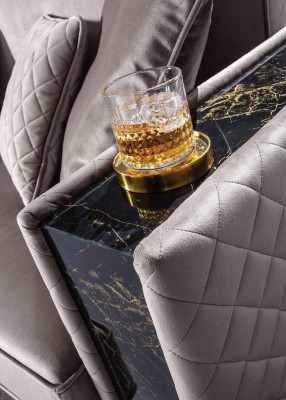 Sillón Sofá Tapizado Asiento Diseñador Textil 1 Plaza Sofás Tapicería Diseño Moderno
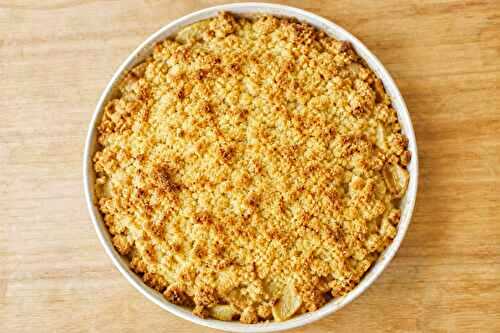 Crumble aux poires croustillant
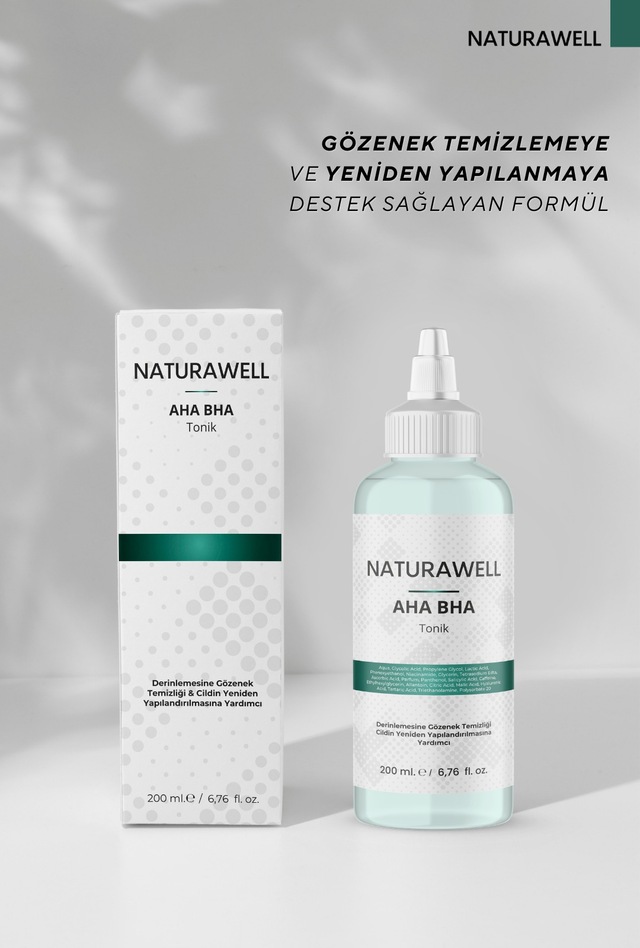 Naturawell Aha Bha Gözenek Sıkılaştırıcı ve Arındırıcı Tonik 200 ML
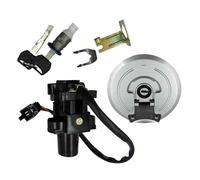 Interrupteur de démarrage Kit Antivol De Direction avec Bouchon Réservoir Et Interrupteur D'allumage pour Moto + 2 Clés pour H-Onda CBR300R 2015-2018 2017 2016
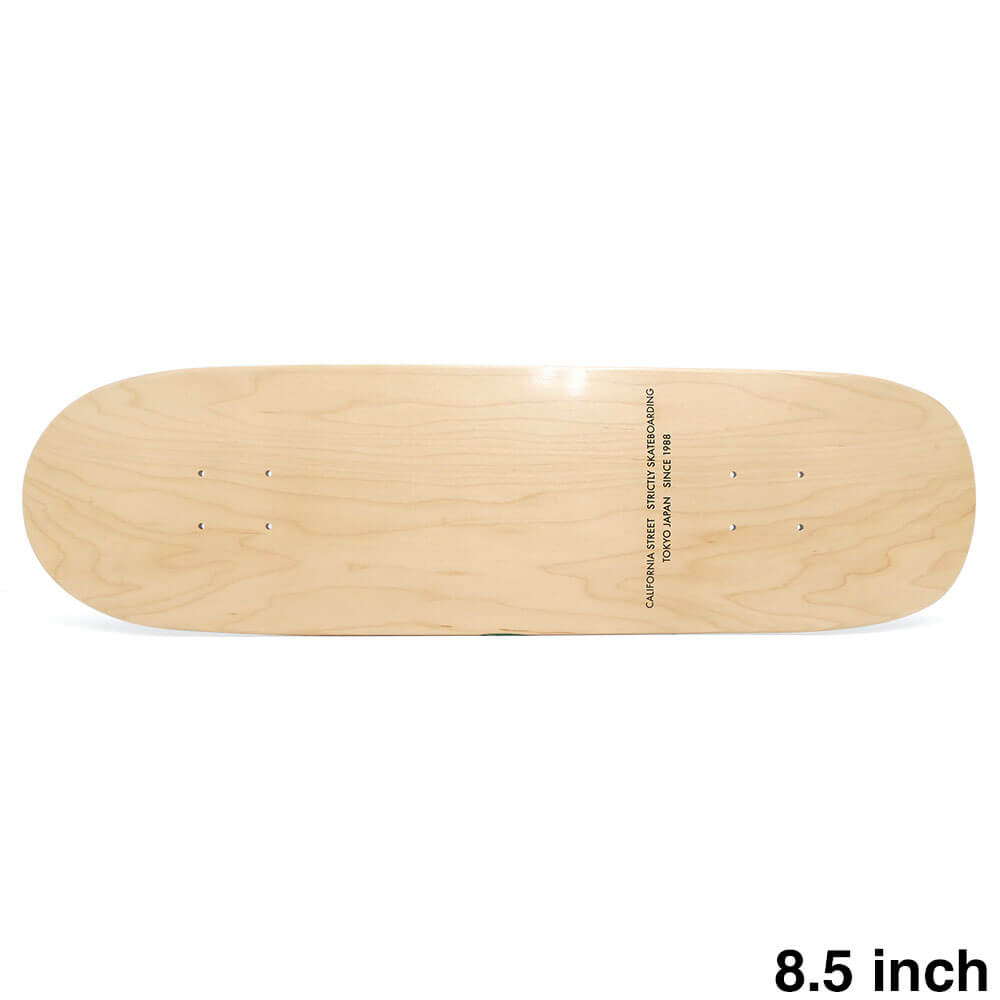 CALIFORNIA STREET DECK カリフォルニアストリート デッキ TEAM SIMPLE CLEAR 8.5 T-SHAPE ブランク(DSM) ...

__________________________________________________

* What the task requires: The records above are to be repeated word for word, with the pictures omitted.

* Answer to this task:
 Sillón Sofá Tapizado Asiento Diseñador Textil 1 Plaza Sofás Tapicería Diseño Moderno
 Crumble aux poires croustillant
 Naturawell Aha Bha Gözenek Sıkılaştırıcı ve Arındırıcı Tonik 200 ML
 Interrupteur de démarrage Kit Antivol De Direction avec Bouchon Réservoir Et Interrupteur D'allumage pour Moto + 2 Clés pour H-Onda CBR300R 2015-2018 2017 2016
 CALIFORNIA STREET DECK カリフォルニアストリート デッキ TEAM SIMPLE CLEAR 8.5 T-SHAPE ブランク(DSM) ...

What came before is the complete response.